Timing considerations. The Science of Reading mandate wave is creating a time-bound window of heightened acquisition interest in literacy-focused companies. As more states complete their curriculum transitions, the urgency for acquirers will diminish. Founders of literacy-focused companies may benefit from acting sooner rather than later.
The Path Forward for EdTech Founders
K-12 EdTech M&A in 2025-26 is defined by the tension between the ESSER cliff and the Science of Reading mandate wave. Companies positioned on the right side of both dynamics -- sustainable revenue models aligned with mandated curriculum changes -- are commanding premium valuations and attracting intense buyer interest.
The sector offers diverse exit paths: strategic acquisitions by platform builders like IXL and 95 Percent Group, PE-backed buy-and-build strategies, and take-private transactions for larger companies.

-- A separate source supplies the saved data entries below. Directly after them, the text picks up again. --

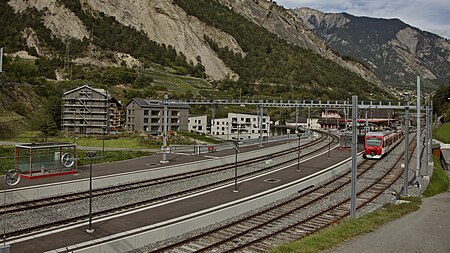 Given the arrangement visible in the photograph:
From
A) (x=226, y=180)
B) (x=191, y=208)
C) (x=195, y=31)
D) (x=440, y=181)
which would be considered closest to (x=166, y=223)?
(x=191, y=208)

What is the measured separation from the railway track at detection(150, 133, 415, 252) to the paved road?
3.28m

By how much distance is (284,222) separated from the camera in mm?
20250

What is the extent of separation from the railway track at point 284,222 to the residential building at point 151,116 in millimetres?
42965

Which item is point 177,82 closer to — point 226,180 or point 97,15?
point 97,15

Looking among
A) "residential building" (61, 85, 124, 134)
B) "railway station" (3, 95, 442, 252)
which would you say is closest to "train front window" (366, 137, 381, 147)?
"railway station" (3, 95, 442, 252)

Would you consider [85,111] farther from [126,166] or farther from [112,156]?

Valuations have reset from ESSER-era peaks, but companies with strong fundamentals, evidence-based products, and mandate-driven demand continue to achieve meaningful outcomes.
For founders, the message is clear: the market rewards evidence, sustainability, and strategic positioning. Companies that can demonstrate their value in a post-ESSER world, particularly those aligned with the Science of Reading, will find an active and receptive buyer market. Those that cannot will face a more challenging environment. Preparation, honest assessment of your position, and experienced advisory support will make the difference.